Provocado el escándalo de la frase, la posterior aclaración del señor Levinas trató de convencer que no expresaba un prejuicio propio sino que interpretaba lo que una buena parte de la sociedad siente, no poder apoyar a una persona con una deficiente oratoria. Asumía así, bajamente, la supuesta voz de “una buena parte” de la sociedad a la que de ningún modo y sólo de prepo representa y a la cual, por cierto, no ha jamás consultado.
“Puede parecer, perdón, una cosa de segregación, pero para nada. Me gustaría un país en el que estemos tan evolucionados intelectualmente donde el presidente pueda ser una persona tartamuda. Quisiera un país así. Si vos vas a poner una persona de esa naturaleza como candidato a la presidencia, sabés que en Argentina va a fallar. Si la sociedad no está preparada para eso. ¿Por qué lo ponés igual? ¿Por qué lo señalás igual?”, dijo Levinas. “Justamente, un partido que lo único que hace bien es hablar -la oratoria de Menem, la oratoria de Kirchner, la oratoria de Cristina, la oratoria de Perón-, ponés a un tipo que no puede hacer oratoria”, agregó.
Utiliza, entonces, un verdadero recurso de la retórica, vastamente empleado (sí que salvando las distancias, por William Shakespeare), muy cercano a la que se llama con su sesudo nombre griego la paralipsis (figura que consiste en hacer fijar la atención precisamente sobre aquello que se finge omitir o dejar de lado): digo lo que pienso yo, lo que es mi prejuicio, pero, para que no se vea como tal, no digo que soy yo, me excluyo, digo que es lo que siente la sociedad. Vano artilugio para tapar lo que no es más que un señalamiento, personal, y político, del adversario jurado, de su posible candidato.

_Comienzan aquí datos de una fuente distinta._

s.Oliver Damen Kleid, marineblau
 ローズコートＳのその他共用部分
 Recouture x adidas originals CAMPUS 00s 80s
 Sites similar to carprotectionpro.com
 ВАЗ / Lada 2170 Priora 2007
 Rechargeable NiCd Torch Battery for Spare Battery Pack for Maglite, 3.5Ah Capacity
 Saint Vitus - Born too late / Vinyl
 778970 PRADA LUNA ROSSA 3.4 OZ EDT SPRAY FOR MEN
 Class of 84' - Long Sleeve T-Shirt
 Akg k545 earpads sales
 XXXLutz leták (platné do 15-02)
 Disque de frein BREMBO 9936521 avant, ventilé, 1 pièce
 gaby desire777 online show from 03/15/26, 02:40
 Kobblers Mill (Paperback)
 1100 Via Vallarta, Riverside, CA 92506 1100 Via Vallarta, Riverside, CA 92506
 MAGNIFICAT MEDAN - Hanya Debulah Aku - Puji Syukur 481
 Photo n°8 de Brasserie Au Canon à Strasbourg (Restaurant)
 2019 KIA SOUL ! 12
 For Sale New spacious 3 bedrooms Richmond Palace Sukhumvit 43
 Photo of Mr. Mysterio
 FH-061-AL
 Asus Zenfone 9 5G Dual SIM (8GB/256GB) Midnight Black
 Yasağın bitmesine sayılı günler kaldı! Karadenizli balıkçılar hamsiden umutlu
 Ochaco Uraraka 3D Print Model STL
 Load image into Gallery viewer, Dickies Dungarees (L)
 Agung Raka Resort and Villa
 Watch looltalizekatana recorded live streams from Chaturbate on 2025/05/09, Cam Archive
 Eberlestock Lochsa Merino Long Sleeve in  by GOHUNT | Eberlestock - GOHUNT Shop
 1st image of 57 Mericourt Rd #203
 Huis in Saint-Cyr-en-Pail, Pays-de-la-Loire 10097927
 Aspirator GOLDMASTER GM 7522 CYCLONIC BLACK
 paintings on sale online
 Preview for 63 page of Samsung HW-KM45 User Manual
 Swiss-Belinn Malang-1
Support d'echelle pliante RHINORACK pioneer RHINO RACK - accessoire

En el cerrado rechazo a discutir programas y objetivos, proyectos de país, propuestas, planes, la derecha no sale de estas minucias, que supone “políticas”, modalidades, defectos, ropas, maquillajes. Superficialidades y nadas con las que siempre ha construido sus jefes y globitos.
Así, en uno de sus malabarismos, tratando de criticar el discurso de la izquierda, no por sus contenidos, porque no puede hacerlo, sino de sus formas, incurre en una grosera observación y en una verdadera incorreccíón, humana y política. La reprobación casi unánime de la gente (salvo la complicidad previsible de algún periodista amigo), tal vez la ayude a recapacitar.
* Mario Goloboff es escritor y docente universitario.